Transformation of four strains of competent cell: DH5α, JMV 101, MACH1 and XL-1BLUE with plasmid BBa_Kate_GFP

  1. Take out DH5α strainfrom the -80°C freezer and place it in the ice bucket. Repeat this for other strains.
  2. Take out plasmid BBa_Kate_GFP from the -20°C freezer and plave it in the ice bucket.
  3. Take out the Soc from the -20°C freezer and place it in the incubater at 37°C.
  4. Add 1μL of the plasmid and transfer into each strains. Mix it very well. Note: This need to be completed in front of the flame.
  5. Put the tubes back into the ice bucket for 5 min.
  6. The tubes is placed in waterbath at 42°C for 1 min exactly.
  7. Add 250μL of Soc into each tubes and vortex.
  8. The tubes is then placed in the shaker for about 1 hr.
  9. Take out agar plates with Ampicillin and place it in the incubater at 37°C for 5 min upsidedown with the lid open slightly.
  10. Take out the tubes from the shaker and the plates from the incubater.
  11. Transfer the strains into each plates by pouring onto the surface of the plates.
  12. Add 8-10 glass beads into the plate and shake the plates side to side and all around.
  13. Remove the glass beads by tapping on one side of the plate.
  14. The plates are placed in the incubater at 32°C for overnight (16hrs).

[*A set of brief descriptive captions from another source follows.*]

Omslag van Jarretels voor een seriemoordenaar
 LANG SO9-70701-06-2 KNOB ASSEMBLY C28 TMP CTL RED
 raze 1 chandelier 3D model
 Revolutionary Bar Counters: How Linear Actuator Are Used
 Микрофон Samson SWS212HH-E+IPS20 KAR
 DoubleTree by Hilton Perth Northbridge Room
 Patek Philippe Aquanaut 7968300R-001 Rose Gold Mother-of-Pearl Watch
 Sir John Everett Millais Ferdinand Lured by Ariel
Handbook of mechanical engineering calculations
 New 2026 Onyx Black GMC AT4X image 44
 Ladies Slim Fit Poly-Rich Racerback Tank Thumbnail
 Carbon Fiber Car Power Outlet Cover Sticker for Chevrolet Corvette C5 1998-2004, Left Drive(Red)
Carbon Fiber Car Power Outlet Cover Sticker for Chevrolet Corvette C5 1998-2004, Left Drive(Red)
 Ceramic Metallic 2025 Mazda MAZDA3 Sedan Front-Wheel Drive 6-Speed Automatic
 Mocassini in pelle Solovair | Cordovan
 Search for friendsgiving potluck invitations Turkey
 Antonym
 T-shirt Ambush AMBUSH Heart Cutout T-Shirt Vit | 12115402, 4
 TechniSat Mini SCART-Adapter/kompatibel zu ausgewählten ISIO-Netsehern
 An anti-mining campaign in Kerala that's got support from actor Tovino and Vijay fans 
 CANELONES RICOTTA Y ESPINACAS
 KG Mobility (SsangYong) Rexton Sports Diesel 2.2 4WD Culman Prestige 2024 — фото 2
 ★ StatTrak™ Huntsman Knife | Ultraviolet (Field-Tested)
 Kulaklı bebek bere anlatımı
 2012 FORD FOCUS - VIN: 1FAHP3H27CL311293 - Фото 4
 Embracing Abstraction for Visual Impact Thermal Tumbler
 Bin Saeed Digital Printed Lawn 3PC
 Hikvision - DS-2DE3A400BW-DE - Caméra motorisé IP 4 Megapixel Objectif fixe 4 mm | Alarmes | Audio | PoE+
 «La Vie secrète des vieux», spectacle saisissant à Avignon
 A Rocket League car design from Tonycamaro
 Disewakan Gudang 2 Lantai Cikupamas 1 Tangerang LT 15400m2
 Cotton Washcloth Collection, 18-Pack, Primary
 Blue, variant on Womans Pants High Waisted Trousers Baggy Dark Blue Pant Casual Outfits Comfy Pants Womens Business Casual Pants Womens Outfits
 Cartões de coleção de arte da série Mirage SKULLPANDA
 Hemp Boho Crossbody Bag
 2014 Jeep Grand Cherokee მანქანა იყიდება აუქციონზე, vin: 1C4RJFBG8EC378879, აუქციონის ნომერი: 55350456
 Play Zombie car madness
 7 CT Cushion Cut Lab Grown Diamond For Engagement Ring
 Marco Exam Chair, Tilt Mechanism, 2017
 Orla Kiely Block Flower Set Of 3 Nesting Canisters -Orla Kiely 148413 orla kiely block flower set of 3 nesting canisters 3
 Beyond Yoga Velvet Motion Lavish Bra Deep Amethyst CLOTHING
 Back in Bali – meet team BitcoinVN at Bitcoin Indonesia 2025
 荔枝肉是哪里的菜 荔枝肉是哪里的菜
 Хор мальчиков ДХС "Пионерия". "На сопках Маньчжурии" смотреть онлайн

Four 10 ml bottles of LB Broth with Ampicillin were inoculated and grown overnight from colonies generated from various strains transformed with plasmid BBa_Kate_GFP

  1. Four 10 ml LB broth bottles are required for four 200 ml plates that are transformed overnight with plasmid BBa_Kate_GFP.
  2. The colonies are removed from each plates using----- and inoculated into each 10 ml broth tube.
  3. The bottles are labelled and placed in the shaker for 16 hrs, overnight.